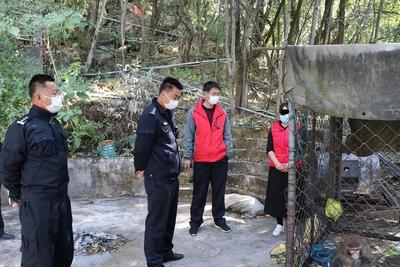 丽江永胜东片派出所扎实开展打击野生动物非法贸易专项行动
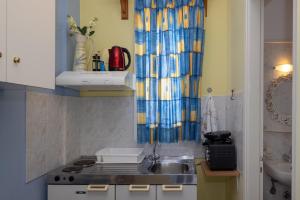 Kuchyň nebo kuchyňský kout v ubytování Irini Studios in Tinos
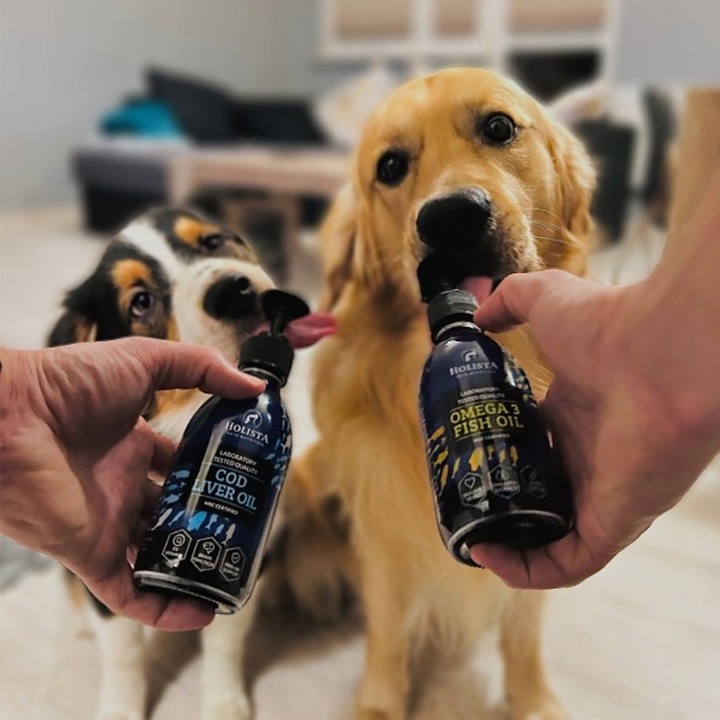 HOLISTA Olej OMEGA 3 Fish Oil dla Psa KOTA KWASY OMEGA EPA DHA BARF 100ml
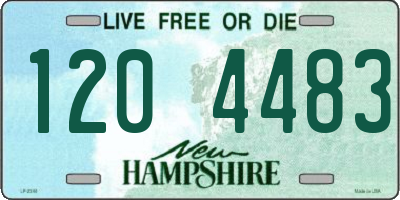 NH license plate 1204483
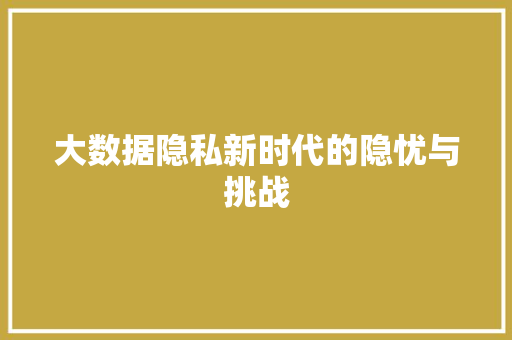 大数据隐私新时代的隐忧与挑战  第1张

**What is being asked:**
Give back the listing exactly, with the pictures removed.

**Result for this exercise:**
 丽江永胜东片派出所扎实开展打击野生动物非法贸易专项行动
 Kuchyň nebo kuchyňský kout v ubytování Irini Studios in Tinos
 HOLISTA Olej OMEGA 3 Fish Oil dla Psa KOTA KWASY OMEGA EPA DHA BARF 100ml
 NH license plate 1204483
 大数据隐私新时代的隐忧与挑战  第1张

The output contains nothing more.